Hus. Ngawur ! mana ada
Iblis bisa ngetik. Iblis mah kerjaannya menggoda orang yang ngetik. Dia makhluk
abstrak.
Sedangkan ruh merupakan
ciptaan abstrak Allah pula. Kita tak bisa mendefiniskannya, kewajiban kita
adalah meyakini dengan keimanan. Hal ini akan ditolak mentah-mentah oleh para
atheis dan sebagaian kaum yang mendewakan realitas. Mereka ndak percaya agama
juga Tuhan. Bahkan Nietzsche dengan nyinyir berteriak “ Tuhan sudah mati. Kita
yang membunuhnya ”. Para atheis ini muncul sebagai antitesa dari doktrin gereja
di daratan Eropa dulu. Dan sebenarnya para atheis ini adalah orang-orang
cerdas, sayangnya mereka cuma menggunakan logika untuk berfikir. Sedangkan kita
sebagai umat Islam harus percaya terhadap hal-hal transenden. Dalam surat Al
Baqarah pun dijelaskan beberapa ciri orang bertaqwa salah satunya ya percaya
pada yang ghaib. Hal-hal yang tak terlihat oleh mata kepala. Wes, sekarang kita
termasuk orang beriman ndak ? keimanan itu tidak membutuhkan pembuktian
terhadap objek keimanan. Diyakini saja cukup.
Sebelumnya kita harus
mengetahui bahwa segala dinamika kehidupan ini ada yang bersifat imanen ( nyata
) dan transenden ( abstrak ). Yang imanen ya yang bisa kelihatan oleh mata,
teraba oleh tangan, pokoknya wujud fisiknya bisa kita buktikan. Sedangkan
transenden ya diluar kenyataan dalam konteks kasat mata. Surga-neraka,
malaikat-ibilis, dosa-pahala, dan lain-lain.
Kembali ke pembahasan,
sebagaimana yang sudah kami uraikan diawal bahwa manusia tercipta dari dua
komponen penting. Tanah yang hina dan ruh Allah yang suci. Oleh karena itulah
manusia ada yang menonjol sisi kehinaannya, pun ada yang unggul sisi
kesuciannya. Namun yang harus kita pahami adalah semua manusia memiliki potensi
menjadi sangat hina atau menjadi sangat suci. Karena kita tercipta dari
komponen yang sama.
Nabi SAW pun pernah
bersabda yang kurang lebih isinya begini, semua anak manusia itu lahir dalam
keadaan suci, orang tuanya lah yang kemudian berperan akan menjadikannya
yahudi, nasrhani, majusi, dan lain-lain. esensi manusia itu suci,
Sodara-sodara.
Maka sangat relevan
sekali sebuah sabda baginda Rasul, “ barang siapa yang mengenal dirinya maka ia
akan mengenal Tuhannya ”. Di beberapa terjemah yang lain kata “mengenal”
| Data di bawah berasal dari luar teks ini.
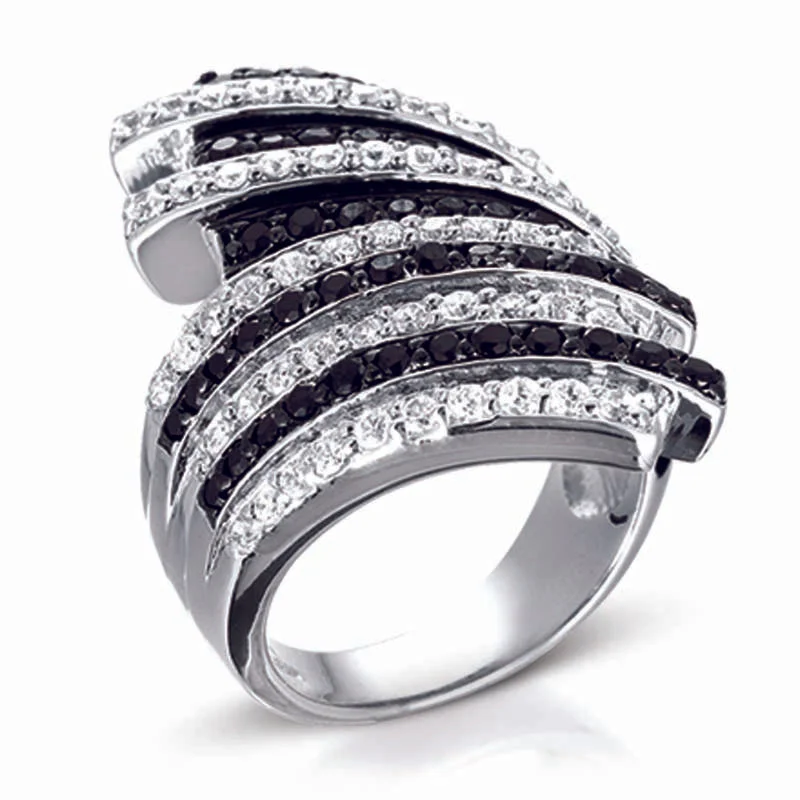 Heart diamond engagement rings-STERLING SILVER RING WITH BLACK AND CLEAR CZ STONES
diganti dengan “mengetahui”. Nah pertanyaannya sekarang sudah sejauh mana kita
mengenal pribadi masing-masing ? mengenal disini ndak sekedar tahu nama, orang
tua siapa, lahir kapan, ukuran sepatu berapa, ndak sesederhana itu. Mengenal
diri lebih dalam dan sangat mendalam, itulah goal dari sabda nabi di atas.
Berhasilkah kita ?
Sodaraku, kebetulan saat
ini saya tengah membaca sebuah buku sufi. Judulnya Tiada Sufi Tanpa Humor. Cuma
belum habis terbaca makanya resensinya belum saya buat. Pun nanti kalau buat
resensinya ya ndak lengkap banget, soalnya buku ini memiliki banyak bab dan
sub-bab. Tiga kalimat untuk buku ini ; menggelitik sanubari, menertawakan diri
sendiri, agar terus berlari menuju ilahi.
Salah satu sub bab di
buku tersebut berjudul 3 tahapan mengenal diri. Apa saja sih itu ? yuk cekidot
!
Pertama-tama, kita
menemukan bahwa ego cenderung menjadi pemimpin yang berkuasa dan dapat
mendorong kita melakukan kesalahan. Termaktub dalam al Qur’an ( QS 12:53 )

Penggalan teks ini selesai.